Is the Orbea Rise still midpower? Although the bike ships in its software-restricted ‘RS’ mode (with a maximum of 60Nm of torque) the new Gen 2 version of the Shimano EP801 RS can be set to kick out the full 85Nm
RS mode is 56nM in boost, RS+ is 85.
What makes it mid-power is that the *power* is limited – you should get up just as steep a slope as your mates on full fat but you won’t do it quite so quickly. It’s not stuff that shows up in the Shimano app but I *think* the power settings in RS are 150/250/350w with the max power in RS+ maybe 500 (still below the full peak motor power of 600w). Probably makes very little difference on the flat or descending when you’re running up against the speed limit rather than motor output and it’s climbing that eats battery anyway.

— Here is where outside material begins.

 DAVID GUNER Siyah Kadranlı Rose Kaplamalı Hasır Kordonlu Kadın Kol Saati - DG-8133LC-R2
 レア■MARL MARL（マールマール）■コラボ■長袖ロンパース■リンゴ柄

I wonder how much of the cadence response is custom to Orbea and how much is just the ‘assist character’ settings in the RS/RS+ profiles. You can’t change the power limits without hacking it to put on standard firmware but you can create your own profiles and choose the assist character and max torque for eco/trail/boost.
Assist character can be set between 1 and 10. RS mode is 2/3/6, RS+ 3/5/9 (which are all a notch or two up from the same mode settings in the older Rise)

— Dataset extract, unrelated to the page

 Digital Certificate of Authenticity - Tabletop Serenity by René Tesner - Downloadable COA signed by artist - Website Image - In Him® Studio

With the range extender attached the system does not give out the higher end of assist. Exact figures are elusive but it feels very much like it goes into the trad RS restricted mode
That’s exactly what it does. The piggy back battery can’t deliver the same current as the main battery so when it’s connected the bike runs in RS mode. (it runs the piggy back down first, once you’ve rinsed it you can disconnect it but you’d need to find some way of protection the port on it if you stashed the cable)./
The new GripX damper in the Fox 36 fork feels significantly less comfy than previous 36 dampers
That’s a shame – the old 36 Grip2 weren’t the plushest – this new gen was supposed to be better and the early reviews sounded promising.